Yeah, I was into grunge and industrial in the mid/late 90s, then I heard this album and it changed my life.
posted by empath at 11:05 PM on November 5, 2013


Hum - "Green to Me"

Is also what you have. Downward Is Heavenward is a criminally under-appreciated album.
posted by Panjandrum at 11:18 PM on November 5, 2013 [4 favorites]


I just now realized that Fuel isn't Lit, which is sort of comforting. That one Lit song is okay. Fuel just blows. Which doesn't stop me from absentmindedly singing, "strawberry surprise / pink linen and white paper / lavender and cream / da da da da ah fuck it" sometimes while I'm doing dishes.
posted by uncleozzy at 12:50 PM on November 6, 2013


I love Downward Is Heavenward, I think it's one of the most well produced albums ever. It's dynamic, heavy without being muddy, and there's an obvious stereo soundfield. I've heard them classified as post-grunge but I guess "space rock" works best (the short yelling in "Comin' Home" is the most obvious post-grunge thing).

"Why I Like The Robins" off of You'd Prefer an Astronaut is one of my favorite songs.

They definitely feel like a half-way point between a lot of this stuff, except I don't think they ever got very big, other than Stars. Maybe they were just too good.
posted by gucci mane at 4:43 PM on November 6, 2013 [3 favorites]
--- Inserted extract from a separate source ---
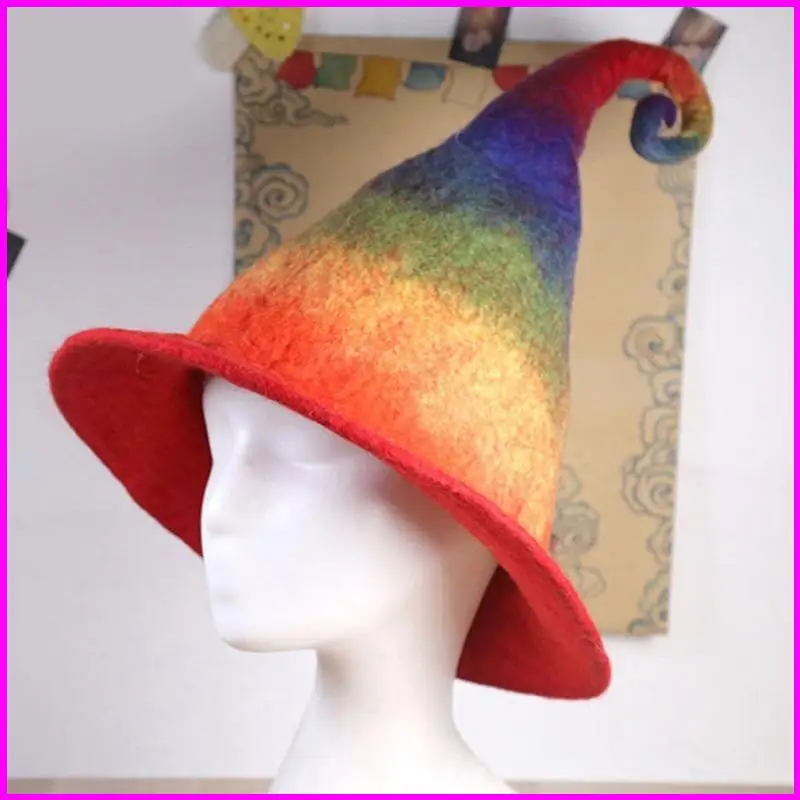 أزياء التدرج قبعة قوس قزح معالج قبعة هالوين شعبية الإبداعية الدعائم الهدايا الساحرات زي قبعة الخريف والشتاء #4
I feel bad for Seven Mary Three. They're from my town, & when they had their big hit, they played a show here, & the crowd bullied them & stole their equipment. Nice victory lap.
posted by broken wheelchair at 7:07 PM on November 6, 2013 [1 favorite]


Has anyone actually ever listened to Sixpence None The Richer other than members of the band, their spouses, and people who watched that one movie that one song was in and didn't feel like turning off the TV during the end credits?

Yes. I hate the song, but I watched that video every time because I was convinced that the singer was the most beautiful person I had ever seen. Once I googled her, & found out she had gone into hiding because of a stalker, & then I felt really ashamed for googling her.
posted by broken wheelchair at 7:50 PM on November 6, 2013


Sixpence None the Richer were Christian Contemporary. "Kiss Me" was very controversial, just like Amy Grant was a decade earlier, because some communities never learn a thing if possible.
posted by Pope Guilty at 11:43 PM on November 6, 2013


i was going to say that i listen to sixpence all the time, but them i realized it was the cardigans that get a lot of rotation. for sixpence it looks like i have their big single, and two covers performed by them, 'dancing queen' and 'there she goes'
posted by nadawi at 5:47 AM on November 7, 2013


The Cardigans are great, and not just because of their big song.

Incidentally, there's a really funny "Lovefool" joke in Hot Fuzz, and it's all the funnier because the joke might be no more than two seconds long.
posted by Sticherbeast at 5:53 AM on November 7, 2013 [1 favorite]


i absolutely agree - i'd say i listen to lovefool the least of all the songs. i adore disk 2 of the best of album with all the demos and tiny snippits.
posted by nadawi at 6:02 AM on November 7, 2013


Re: Downward Is Heavenward, the downbeat and first few measures of "The Scientists" is one of my favorite musical moments ever.
posted by aaronetc at 8:03 PM on November 7, 2013 [1 favorite]


I'm so happy this thread is focused on Hum and The Cardigans now.